Author Alan Marshall, whose 1955 fictionalised autobiography I Can Jump Puddles has become an Australian classic, was born in Noorat. As s schoolboy he contracted polio, which left him permanently lame and turned him into a passionate advocate for the disabled. We will visit Noorat to do part of the Alan Marshall Discovery Trail and see where he lived behind his parent’s store, and the plaque which he unveiled.
In the afternoon we head to the coast to visit the world’s largest war memorial. It’s actually The Great Ocean Road, built by soldiers back from WWI and dedicated to men killed in that war. Today this road, travelling between Torquay and Allansford, is Heritage-listed and an important tourist attraction. We’ll see some of the sandstone and limestone rock formations such as London Bridge and Bay of Islands as we make our way along this famous road. We will spend the night in Port Campbell. (Overnight Sea Foam Villas, Port Campbell) BLD
Queenscliff – 1 night
Day 6: Sunday 24 October, Port Campbell – Apollo Bay – Lorne – Queenscliff
- Great Ocean Road: Loch Ard Gorge, 12 Apostles
- Lunch at leisure in Apollo Bay
- Coffee Break Lorne
- Lecture with crime author Dorothy Johnston
- Dinner in the Grand Dining Room, Vue Grand
Today we continue our journey along the Great Ocean Road. The road makes many appearances in literature. Rudyard Kipling wrote appreciatively of the “paradise by the sea” though he visited Australia before the road was built. Crime writer Arthur Upfield lived at Airey’s Inlet in the early 1950s and used it as a setting in his novel The New Shoe; and Melbourne writer Gregory Day set his book A Sand Archive on the Great Ocean Road. Adam Lindsay Gordon was staying in the area in 1859 when a ship was wrecked on the Cape Northumberland Shoals.

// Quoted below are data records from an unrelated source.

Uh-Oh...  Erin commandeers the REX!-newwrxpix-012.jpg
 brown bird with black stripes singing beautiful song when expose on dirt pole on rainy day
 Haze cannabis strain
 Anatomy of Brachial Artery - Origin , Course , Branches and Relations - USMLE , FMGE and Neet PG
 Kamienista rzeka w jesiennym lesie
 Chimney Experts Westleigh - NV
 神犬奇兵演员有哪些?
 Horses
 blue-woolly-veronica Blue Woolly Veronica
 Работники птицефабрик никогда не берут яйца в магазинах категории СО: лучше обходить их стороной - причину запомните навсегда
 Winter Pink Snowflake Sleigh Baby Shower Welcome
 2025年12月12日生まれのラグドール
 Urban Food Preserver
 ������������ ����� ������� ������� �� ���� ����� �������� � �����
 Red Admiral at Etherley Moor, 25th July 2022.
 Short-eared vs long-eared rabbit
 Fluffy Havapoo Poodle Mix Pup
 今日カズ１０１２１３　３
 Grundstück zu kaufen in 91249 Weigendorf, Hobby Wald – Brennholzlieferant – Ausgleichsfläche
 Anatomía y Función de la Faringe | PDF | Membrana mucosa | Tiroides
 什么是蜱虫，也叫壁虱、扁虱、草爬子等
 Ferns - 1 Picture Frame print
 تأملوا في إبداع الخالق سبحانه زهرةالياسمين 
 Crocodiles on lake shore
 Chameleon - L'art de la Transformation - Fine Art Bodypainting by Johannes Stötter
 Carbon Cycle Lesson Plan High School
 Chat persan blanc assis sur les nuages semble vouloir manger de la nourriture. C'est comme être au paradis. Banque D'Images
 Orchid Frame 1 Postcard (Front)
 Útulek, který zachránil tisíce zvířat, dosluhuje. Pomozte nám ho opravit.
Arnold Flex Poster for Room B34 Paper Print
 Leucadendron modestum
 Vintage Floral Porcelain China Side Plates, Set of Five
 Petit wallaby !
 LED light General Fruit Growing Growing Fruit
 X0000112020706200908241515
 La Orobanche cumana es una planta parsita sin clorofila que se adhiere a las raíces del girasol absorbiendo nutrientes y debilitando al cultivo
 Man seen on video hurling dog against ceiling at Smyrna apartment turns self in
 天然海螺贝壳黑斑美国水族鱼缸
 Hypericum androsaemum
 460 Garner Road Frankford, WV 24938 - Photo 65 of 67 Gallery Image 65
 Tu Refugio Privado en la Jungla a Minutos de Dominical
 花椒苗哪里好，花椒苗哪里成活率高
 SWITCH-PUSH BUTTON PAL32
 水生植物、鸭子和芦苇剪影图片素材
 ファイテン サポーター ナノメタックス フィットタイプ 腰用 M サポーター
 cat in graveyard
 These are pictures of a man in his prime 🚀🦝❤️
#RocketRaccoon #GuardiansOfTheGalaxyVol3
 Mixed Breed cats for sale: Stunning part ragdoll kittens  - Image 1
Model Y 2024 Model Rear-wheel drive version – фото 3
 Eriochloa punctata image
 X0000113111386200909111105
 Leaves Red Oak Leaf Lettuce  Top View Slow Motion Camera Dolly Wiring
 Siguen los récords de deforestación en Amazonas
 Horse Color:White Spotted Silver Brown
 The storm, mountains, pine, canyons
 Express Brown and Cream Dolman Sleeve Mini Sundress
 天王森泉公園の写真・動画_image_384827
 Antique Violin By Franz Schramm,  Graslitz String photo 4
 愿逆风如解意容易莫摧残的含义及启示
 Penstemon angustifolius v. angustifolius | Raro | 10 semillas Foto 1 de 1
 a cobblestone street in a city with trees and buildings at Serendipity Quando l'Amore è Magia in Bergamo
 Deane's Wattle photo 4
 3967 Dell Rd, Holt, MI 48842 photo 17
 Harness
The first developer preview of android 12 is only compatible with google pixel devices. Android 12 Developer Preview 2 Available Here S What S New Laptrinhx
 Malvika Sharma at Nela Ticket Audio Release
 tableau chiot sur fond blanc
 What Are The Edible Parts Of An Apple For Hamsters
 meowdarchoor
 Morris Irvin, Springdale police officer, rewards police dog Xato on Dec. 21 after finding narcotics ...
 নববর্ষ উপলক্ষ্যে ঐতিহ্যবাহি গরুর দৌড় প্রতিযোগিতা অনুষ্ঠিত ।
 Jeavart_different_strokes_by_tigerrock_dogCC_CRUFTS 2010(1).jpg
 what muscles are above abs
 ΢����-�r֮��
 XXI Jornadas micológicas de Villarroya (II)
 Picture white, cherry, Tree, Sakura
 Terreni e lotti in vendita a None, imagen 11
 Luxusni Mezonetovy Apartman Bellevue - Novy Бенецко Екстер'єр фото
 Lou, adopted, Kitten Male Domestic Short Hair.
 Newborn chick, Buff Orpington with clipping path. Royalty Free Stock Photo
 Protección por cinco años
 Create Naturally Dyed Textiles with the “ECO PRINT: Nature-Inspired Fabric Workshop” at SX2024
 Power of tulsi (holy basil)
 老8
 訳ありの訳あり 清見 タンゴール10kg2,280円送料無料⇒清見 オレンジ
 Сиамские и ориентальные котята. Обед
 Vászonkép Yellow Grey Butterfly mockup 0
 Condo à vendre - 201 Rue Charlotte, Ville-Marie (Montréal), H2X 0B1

This almost certainly inspired his poem From the Wreck. And the area is familiar to many from movies. Mad Max was filmed at Fairhaven, and the children’s series Round the Twist was filmed at Airey’s Inlet.
Sites along our route include Loch Ard Gorge and the Twelve Apostles, impressive pinnacles of rock formed by erosion. There will be a stop in Lorne – Kipling wrote about going “down the road to Lorne” and the Erskine River Falls – and then another stop in Queenscliff, a small town on the Bellarine Peninsula.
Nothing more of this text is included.